Dataset content -
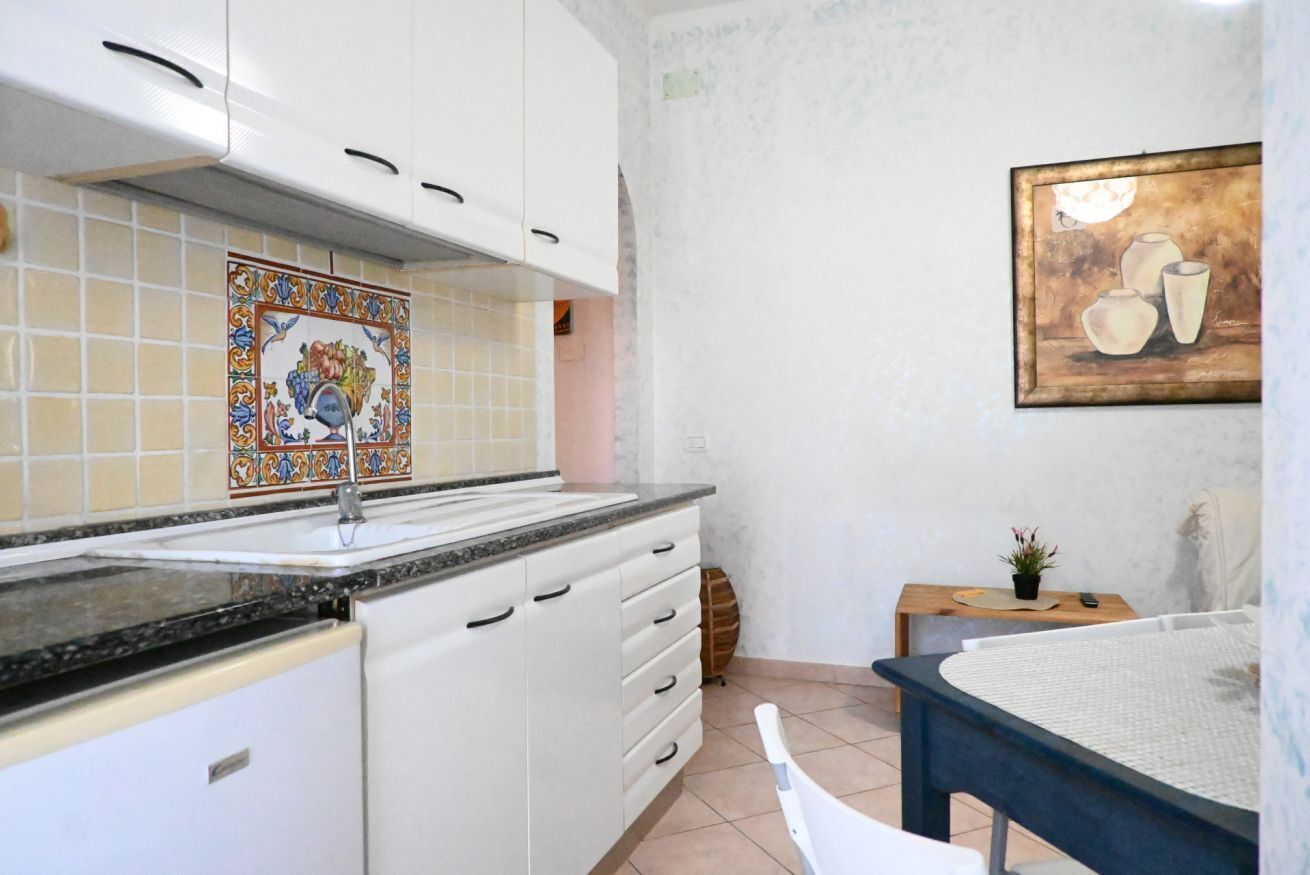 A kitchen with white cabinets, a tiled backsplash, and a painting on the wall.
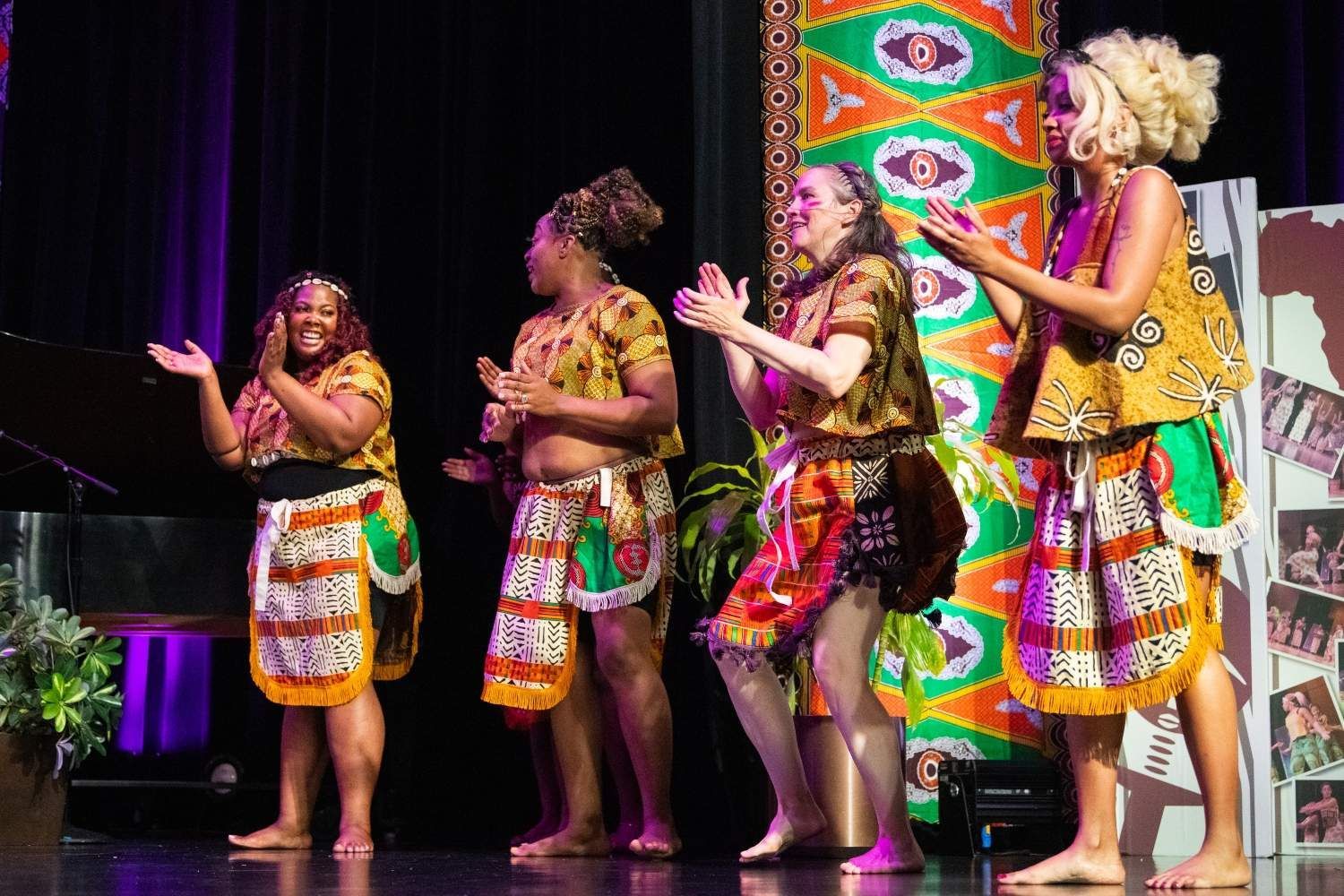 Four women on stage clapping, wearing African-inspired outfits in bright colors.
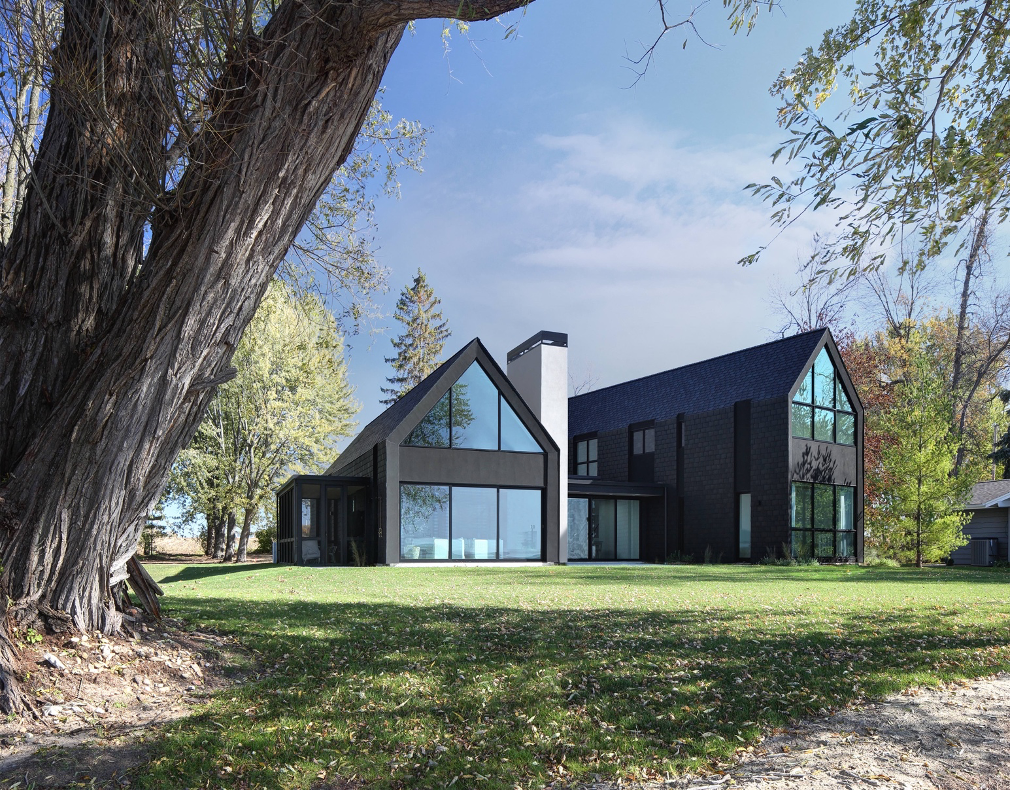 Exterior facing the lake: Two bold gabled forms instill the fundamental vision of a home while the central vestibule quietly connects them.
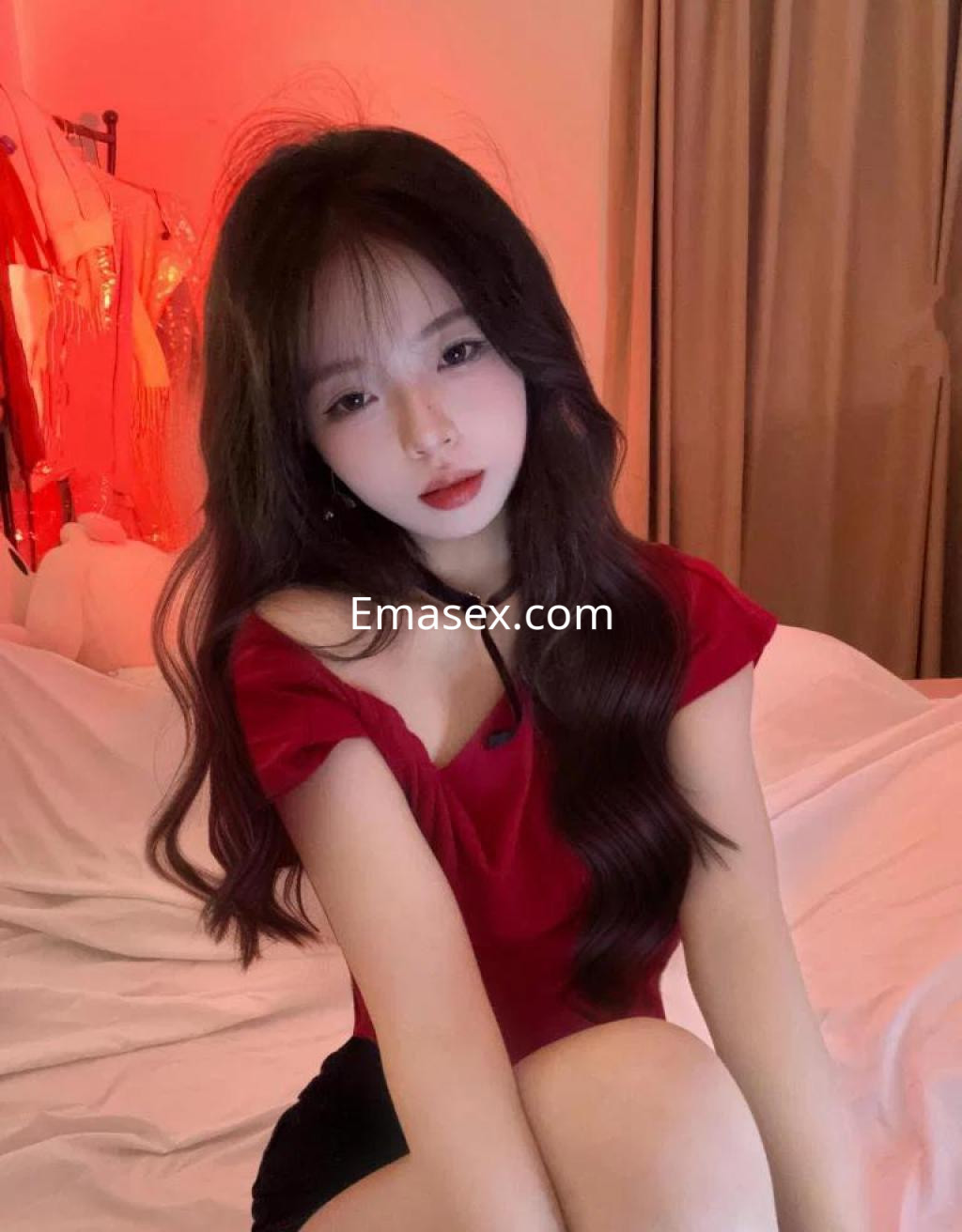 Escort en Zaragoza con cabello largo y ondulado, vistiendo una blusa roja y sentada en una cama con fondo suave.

Exercise -
With the pictures left out, return the listing above exactly as it stands.

Solution for this problem -
 A kitchen with white cabinets, a tiled backsplash, and a painting on the wall.
 Four women on stage clapping, wearing African-inspired outfits in bright colors.
 Exterior facing the lake: Two bold gabled forms instill the fundamental vision of a home while the central vestibule quietly connects them.
 Escort en Zaragoza con cabello largo y ondulado, vistiendo una blusa roja y sentada en una cama con fondo suave.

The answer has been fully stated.